A haven for salmon and steelhead
One of the Lower 48's few rivers designated as Wild and Scenic for its entire length, Oregon's Salmon River is a crown jewel of the Columbia Basin. It rises from glaciers on Mount Hood, flows through a rugged, nearly inaccessible basalt gorge, plunges over six spectacular waterfalls that only the most intrepid will ever see, and churns through old-growth forests of the Salmon-Huckleberry Wilderness before finally flowing into the Sandy River. All in just 33 river miles. The Salmon, as its name implies, is also one of the most important producers of coho, Chinook and steelhead in the Sandy River system.
In 2024, Western Rivers Conservancy set out to protect a critical property near the Salmon-Sandy confluence on a smaller tributary stream called Sixes Creek.

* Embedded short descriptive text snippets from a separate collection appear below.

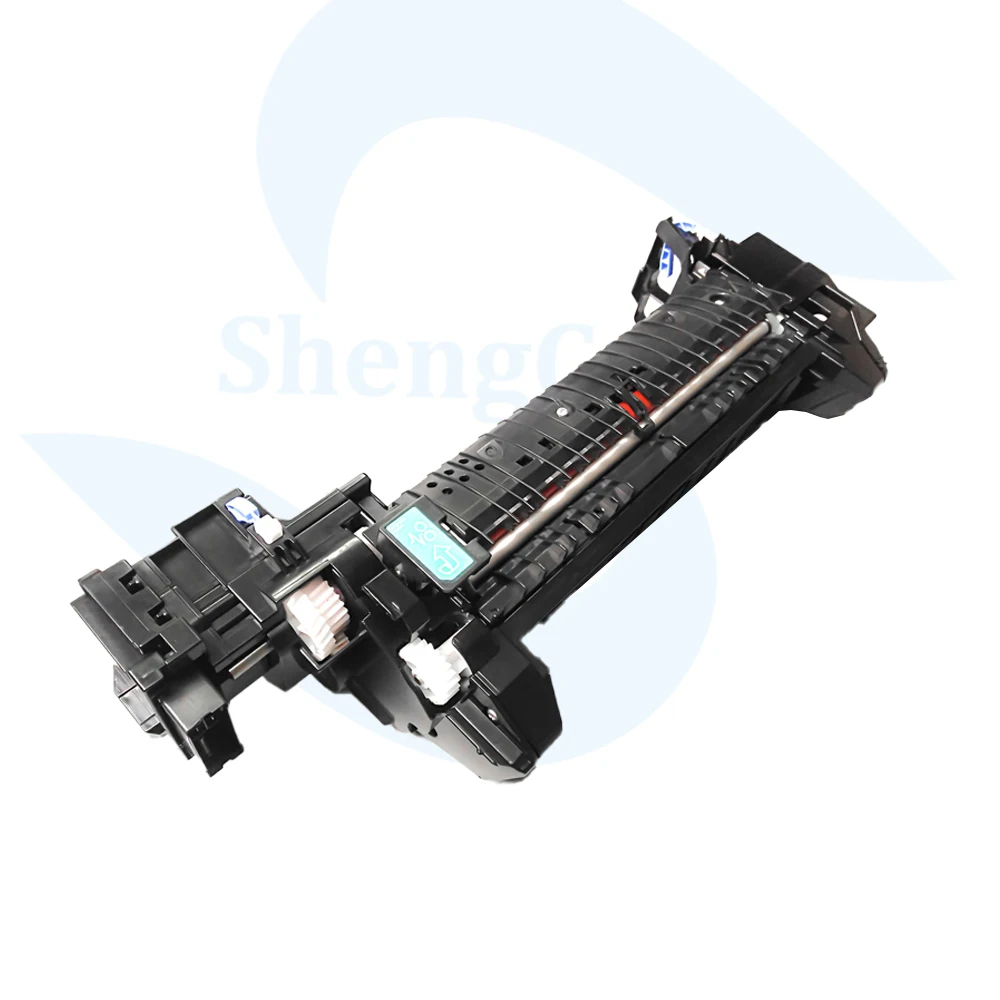RM2-1928 RM2-1929 HP 레이저젯 M652dn M653 M681dh M682z 652n E67550 E67560 652 653 681 682용 퓨저 유닛 (퓨저 어셈블리)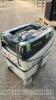 Festool CTL extractor - 2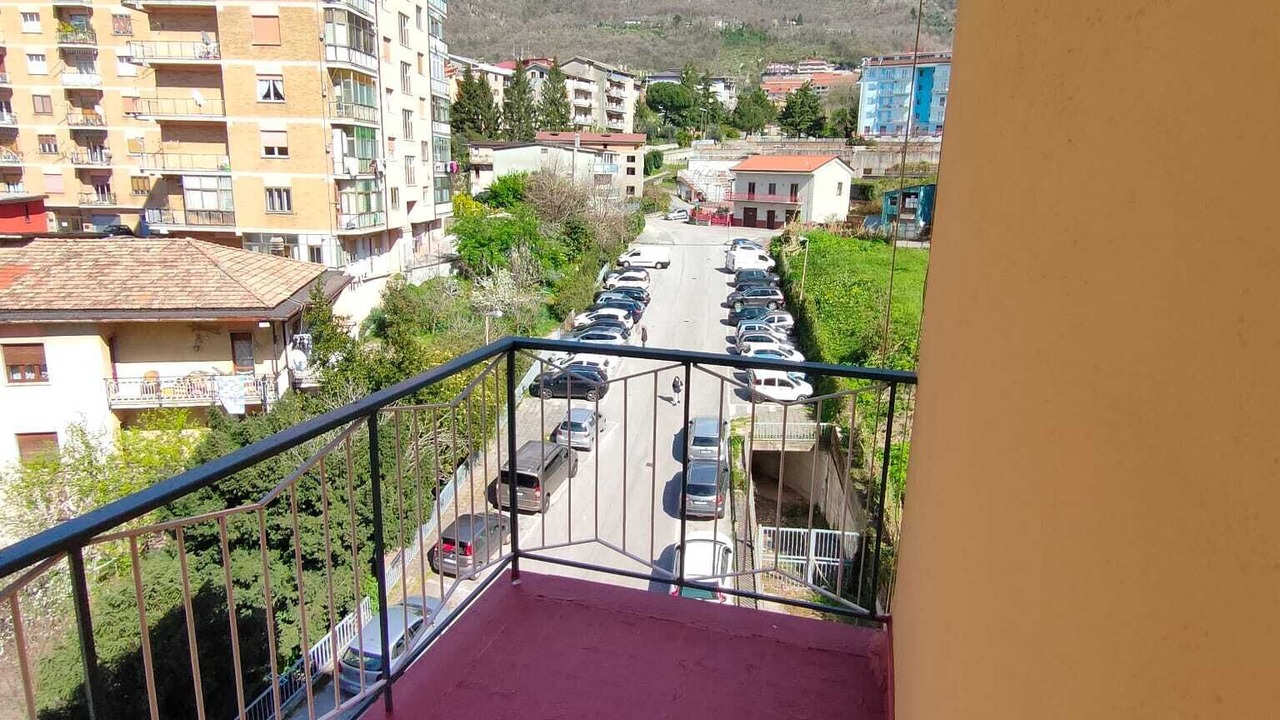 Photo of Outdoor in Solofra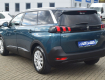 Peugeot 5008 1,5 BlueHDi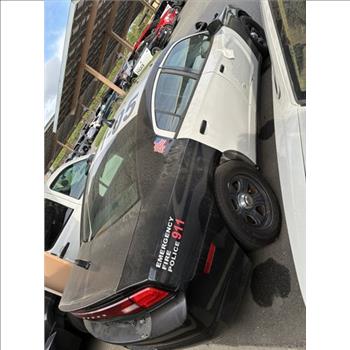 2011 Dodge Charger (Murrieta, CA 92562)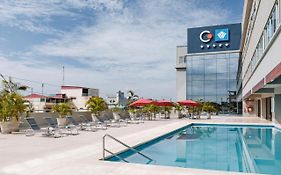 Costa del Sol Wyndham Pucallpa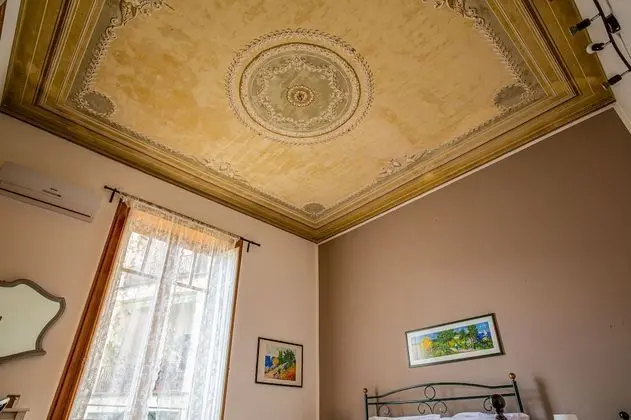 Superior Tek Büyük veya İki Ayrı Yataklı Oda, 1 Yatak Odası, Banyolu/Duşlu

Flowing cold and clean from the Salmon-Huckleberry Wilderness, Sixes Creek has one of the highest densities of spawning coho salmon in the entire Sandy River system. Where it meets the Salmon River, it opens into a floodplain wetland complex that provides excellent spawning and rearing habitat for salmon and steelhead. This wetland is protected within the Bureau of Land Management's popular Wildwood Recreation Site, which contains educational displays and a network of trails used by some 80,000 people every year.

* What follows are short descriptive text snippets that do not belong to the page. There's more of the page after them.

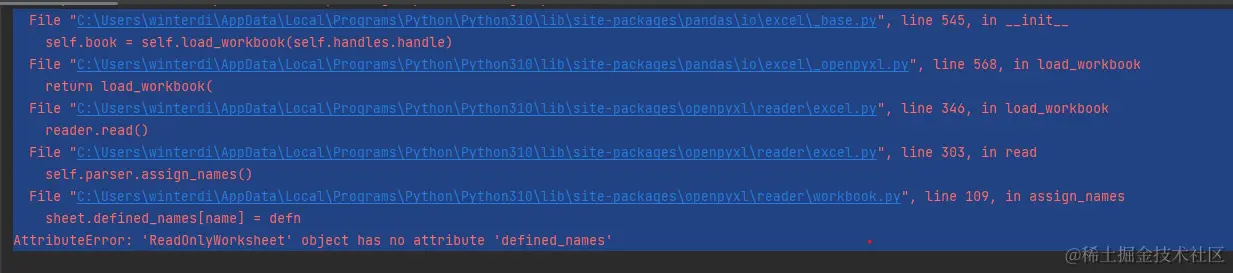 Screenshot 2023-02-27 173314.png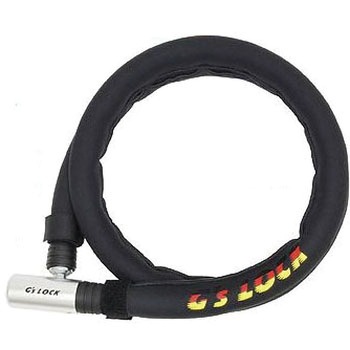 GS6-1200 �l�I�v���[���J�o�[�W���C���g���C���[���b�N GORIN(�S����) 68708307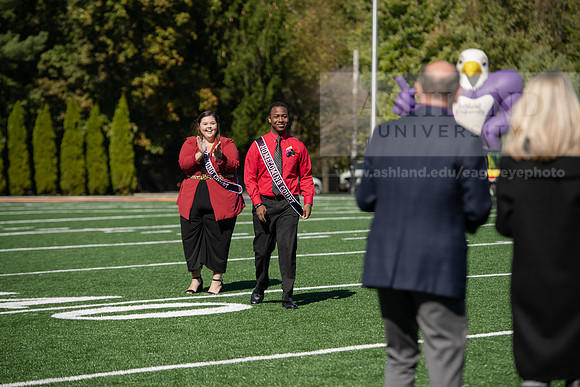 HomecomingCourt1019ALW_6497
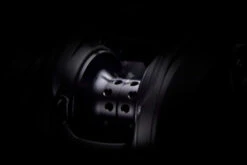 Daiwa 21 Tatula TW 80L -Magasin De Matériel De Pêche 32 220714 5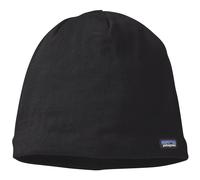 Patagonia Beanie hat Black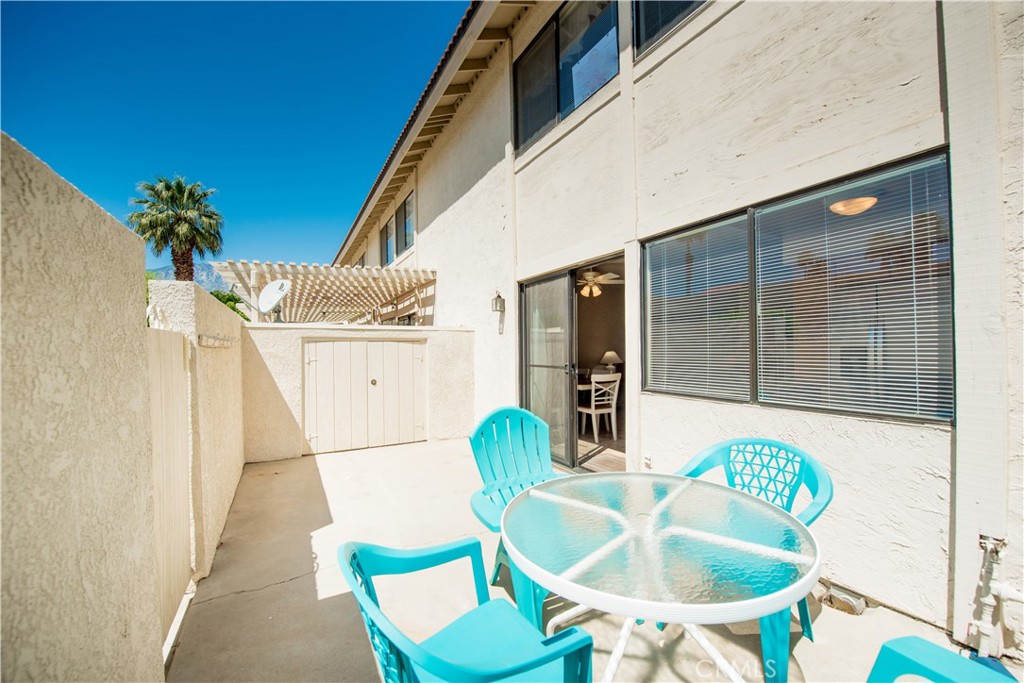 MLS #OC25178472 image #31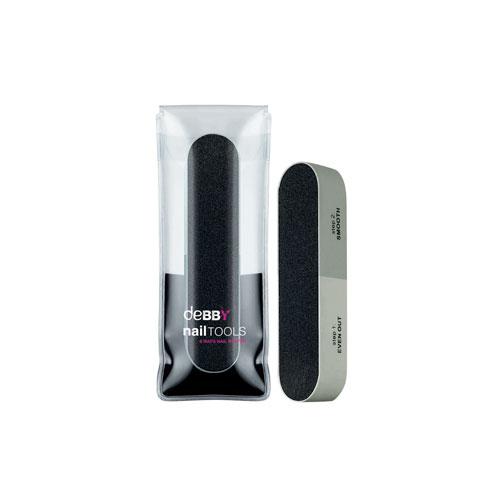 gid://shopify/Product/9873577607496_1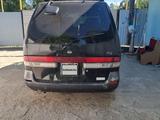 Nissan Largo 1996 года за 750 000 тг. в Талдыкорган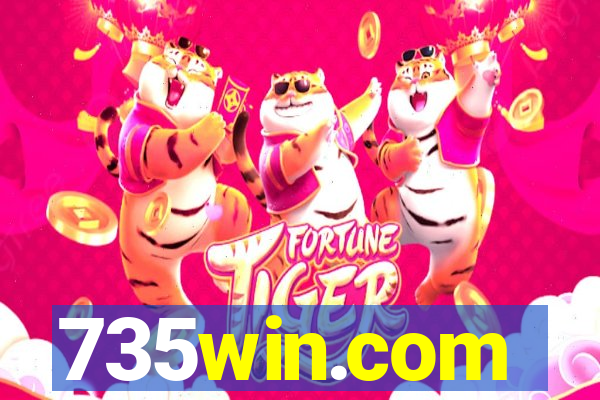 735win.com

Protecting habitat, expanding a beloved recreation site
The 283-acre property we set out to conserve lies adjacent to Wildwood and includes 1.5 miles of Sixes Creek immediately upstream. Our goal is to convey the property to the BLM, expanding Wildwood and permanently protecting this important stretch of Sixes Creek. Conserving the property will also keep its maturing forests standing, a tremendous benefit to the creek, its fish and the area's wildlife. Timber harvest on the property would not only degrade habitat in Sixes Creek, but the Wildwood viewshed and the integrity of the Wild and Scenic Salmon River corridor as well.
Lending even greater importance to this effort is the BLM's recent restoration work at the mouth of Sixes Creek, where it reconnected the creek's floodplain with the Salmon River by creating a massive 12-by-40-foot logjam. WRC's conservation of the Sixes Creek property will protect the source-flows of the wetland and allow for additional restoration in the creek's critical lower reach. The project builds on WRC's years of work in the Sandy River basin and will have a significant impact on one of the Pacific Northwest's truly great river systems.
WRC's efforts on Sixes Creek and the Salmon River build on more than two decades of work within Oregon's Sandy River Basin. Our efforts on the Sandy began in 1999 when we partnered with Portland General Electric during its removal of two dams on the Sandy and Little Sandy rivers. Since then, WRC has conserved 4,798 acres of land along the middle Sandy River, protecting vital fish and wildlife habitat and creating outstanding new recreational access for people.